L’Innovazione parte da una cultura condivisa all’origine, non da strette di mano che si fanno dopo.
Noi pensiamo a una cultura segnata dal pensiero cristiano nelle sue diverse espressioni, nella cultura greco-romana che ha segnato millenni di storia, con i mezzi di comunicazione che dovrebbero parlare un comune, semplice, fatto di esperienze concrete e meno di ideologie allo sbaraglio.

Ci interessano innovazioni sociali all’insegna del valore per tutti; aperte al nuovo che non divide e attente a creare solidi tratti di condivisione e molto impegnate a raggiungere il massimo dell’unità.
Le proposte divisive, che entrano a piedi uniti nella visione della società, sono prive di tolleranza, guardano ad un caso e ne fanno una bandiera per cambiare il tessuto sociale.

Ad esempio ci furono barricate per 500 ulivi in Puglia per impedire la partenza della TAP: ora essi sono stati impiantati in un altro luogo e stanno meglio di tutti gli altri. Sappiamo benissimo chi furono coloro che non volevano la TAP. Oggi come faremmo senza?
Era una battaglia ideologica, creata dal pensiero, condivisa ideologicamente e portata avanti con violenza.

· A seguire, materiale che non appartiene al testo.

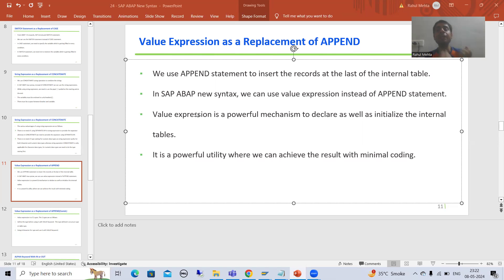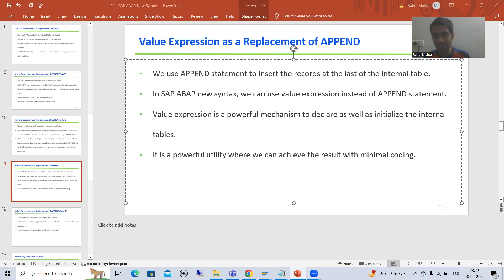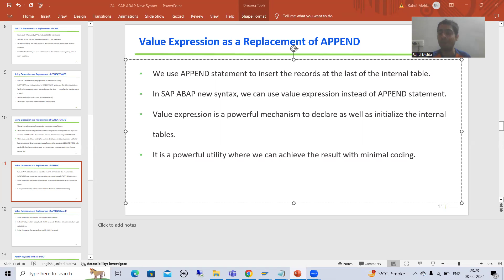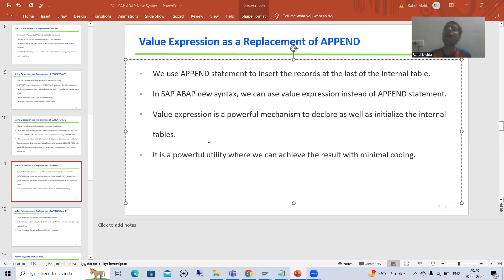VALUE expression is a powerful utility, a powerful mechanism. With the help of it, you can declare and initialize internal tables. This means you can declare an internal table and assign values to it using the VALUE expression. It is powerful because we can achieve the same result by writing fewer lines of code.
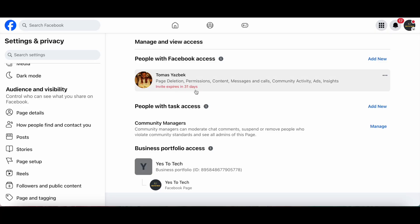Once this person has Facebook page access and has accepted the invitation, they can go back to this page over here. Find your name in this space where it says People with Facebook Access.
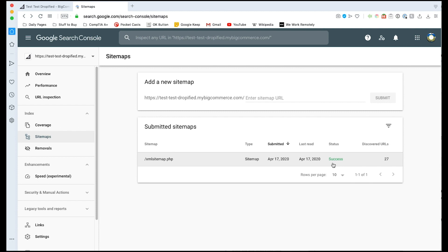So that's pretty much going to do it for this video. This is a really helpful thing you can do for yourself and your store by helping you get your store into the Google search console so you can really start getting ranked more efficiently, more quickly, and more accurately by Google so that they're putting you right in the eyes of the customers who are searching for your products.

Costoro sono stati puniti?
La domanda che ci si pone è: perché l’ideologia di pochi impedisce un allargamento della ragione?
Perché le “fissazioni ideologiche” impediscono il dialogo e diventano costume?

Alla vigilia del voto in Italia, credo che non ne usciremo benissimo: vi saranno poche facce e nomi nuovi. La baracca Italia è combinata male: chi vince fatica a costruire il nuovo.

Chi perde non percepisce la responsabilità di trattare con maggioranze che non rappresentano la propria posizione: il primo pensiero non è quello di rappresentare coloro che non appartengono a quella maggioranza, ma di fare di tutto che quella maggioranza abbia tali difficoltà da immobilizzare il paese.

Lo Stato non funziona come una azienda alla Marchionne, ma come una famiglia con molti soggetti, che vivono in un’unica casa, in cui a tavola non ci sono mai tutti, litigiosamente su tutto, obbligati a convivere, ma tutti contenti per lo scranno raggiunto e i quattrini che arriveranno. Ad ognuno della famiglia.